Set each entry down verbatim, omitting images.

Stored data
+++

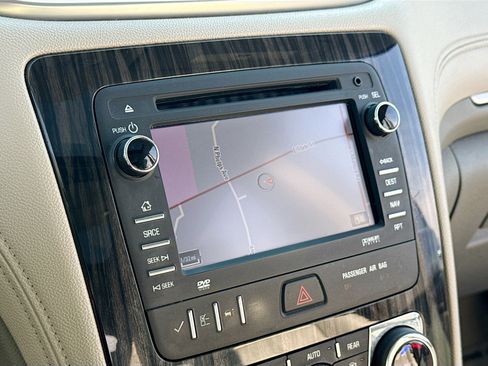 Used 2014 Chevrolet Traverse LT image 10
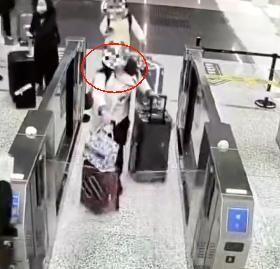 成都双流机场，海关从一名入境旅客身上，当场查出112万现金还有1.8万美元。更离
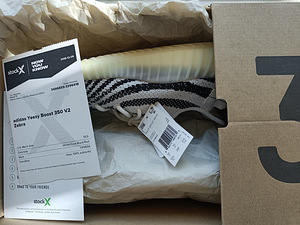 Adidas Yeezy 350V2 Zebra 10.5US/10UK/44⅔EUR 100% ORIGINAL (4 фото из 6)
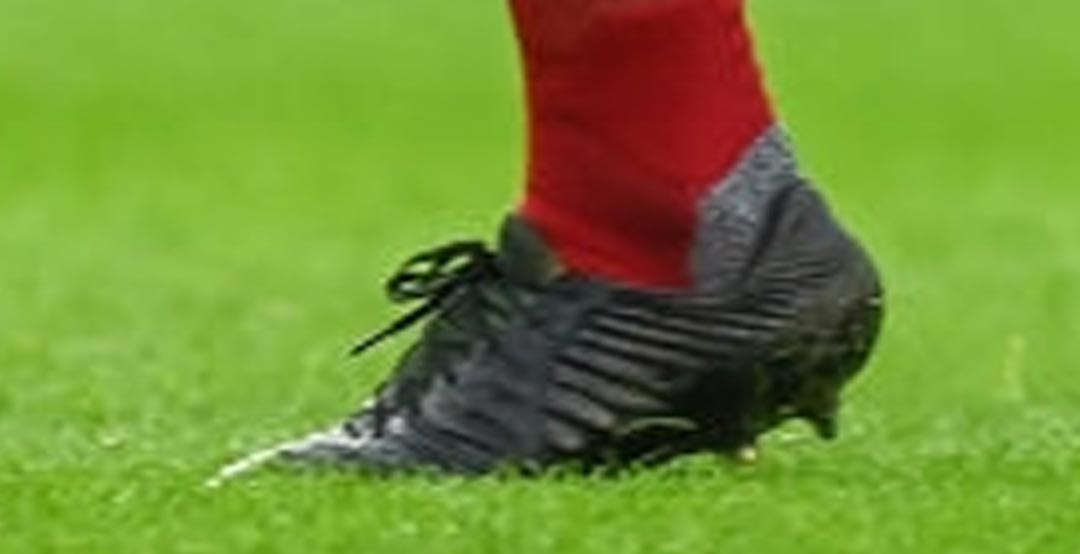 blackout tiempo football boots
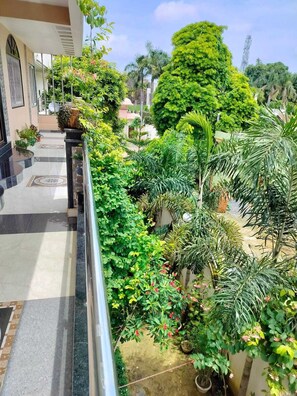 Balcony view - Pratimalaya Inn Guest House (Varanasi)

+++

** Answer for the task **
 Used 2014 Chevrolet Traverse LT image 10
 成都双流机场，海关从一名入境旅客身上，当场查出112万现金还有1.8万美元。更离
 Adidas Yeezy 350V2 Zebra 10.5US/10UK/44⅔EUR 100% ORIGINAL (4 фото из 6)
 blackout tiempo football boots
 Balcony view - Pratimalaya Inn Guest House (Varanasi)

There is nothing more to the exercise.